### The task
Using the listing below, output only the lines from the one that contains "- color: Khaki" through the one that contains "Iron Golem Encounters", inclusive, exactly as given and without images.

### Data to use
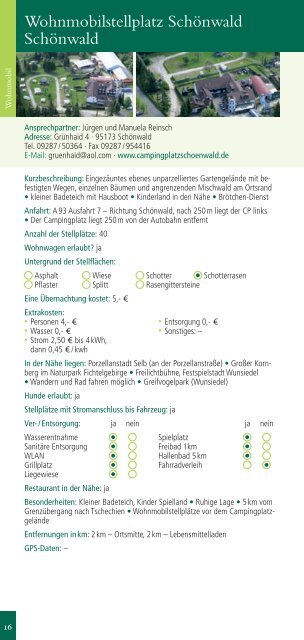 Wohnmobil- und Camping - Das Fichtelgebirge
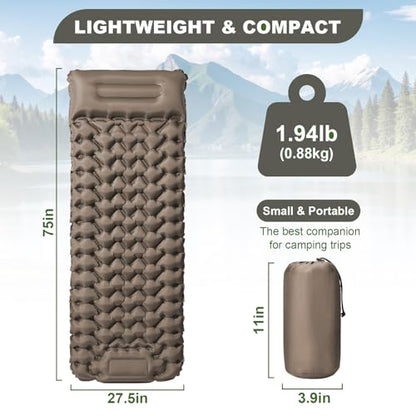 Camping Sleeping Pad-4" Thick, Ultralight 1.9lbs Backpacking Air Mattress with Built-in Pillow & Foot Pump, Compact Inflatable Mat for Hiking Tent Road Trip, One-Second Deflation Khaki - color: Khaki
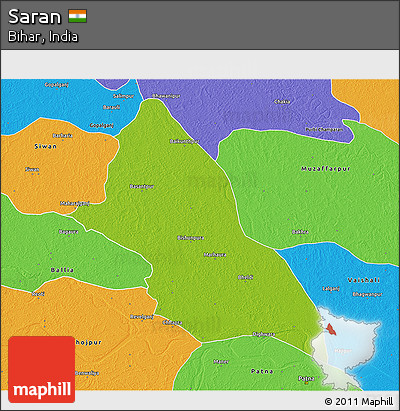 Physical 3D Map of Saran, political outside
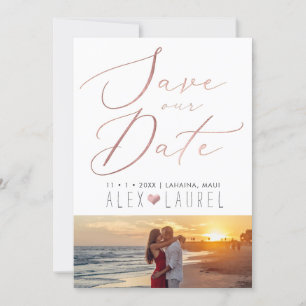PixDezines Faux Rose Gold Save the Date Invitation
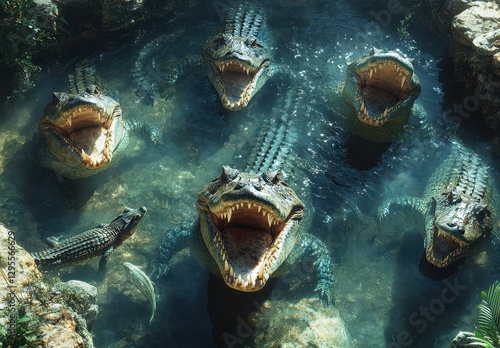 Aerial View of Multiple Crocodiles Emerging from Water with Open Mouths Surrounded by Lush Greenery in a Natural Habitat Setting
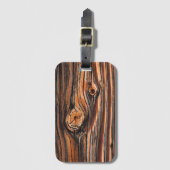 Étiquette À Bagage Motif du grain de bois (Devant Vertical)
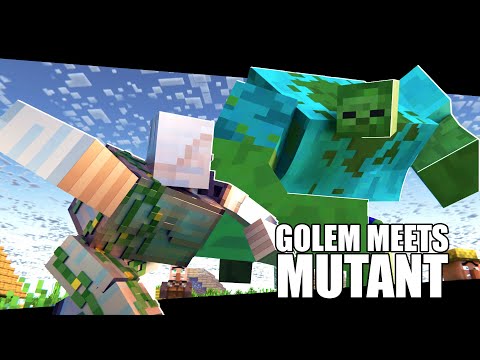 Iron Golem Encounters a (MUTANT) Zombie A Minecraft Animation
---
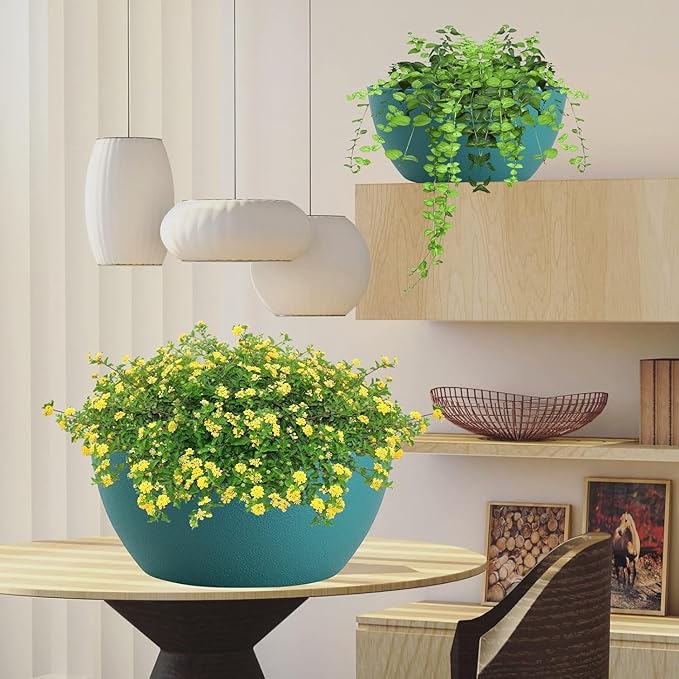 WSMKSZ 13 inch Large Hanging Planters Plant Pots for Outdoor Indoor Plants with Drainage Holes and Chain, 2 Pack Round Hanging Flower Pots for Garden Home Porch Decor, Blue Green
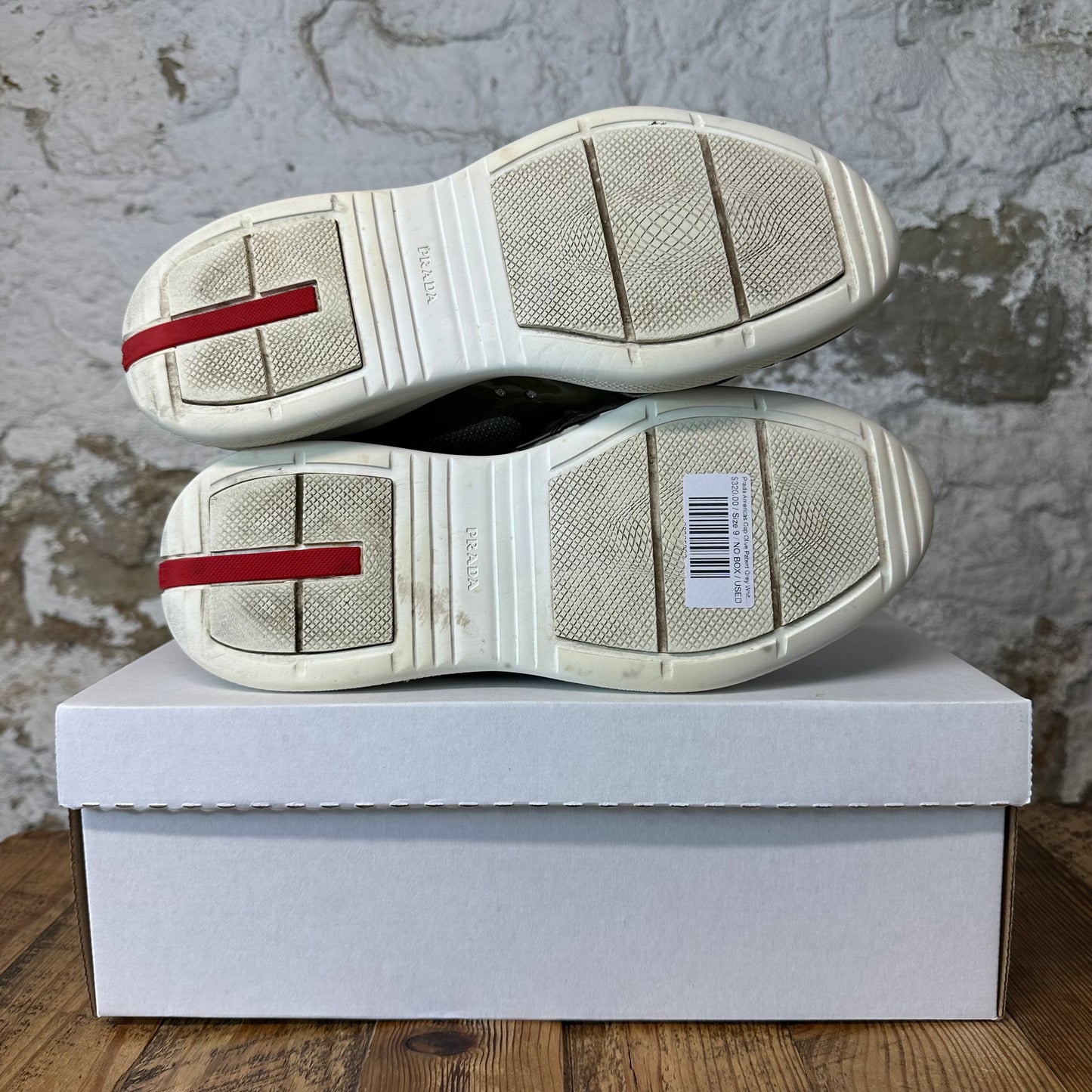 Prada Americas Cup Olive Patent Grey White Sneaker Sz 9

### Answer box
 Camping Sleeping Pad-4" Thick, Ultralight 1.9lbs Backpacking Air Mattress with Built-in Pillow & Foot Pump, Compact Inflatable Mat for Hiking Tent Road Trip, One-Second Deflation Khaki - color: Khaki
 Physical 3D Map of Saran, political outside
PixDezines Faux Rose Gold Save the Date Invitation
 Aerial View of Multiple Crocodiles Emerging from Water with Open Mouths Surrounded by Lush Greenery in a Natural Habitat Setting
 Étiquette À Bagage Motif du grain de bois (Devant Vertical)
 Iron Golem Encounters a (MUTANT) Zombie A Minecraft Animation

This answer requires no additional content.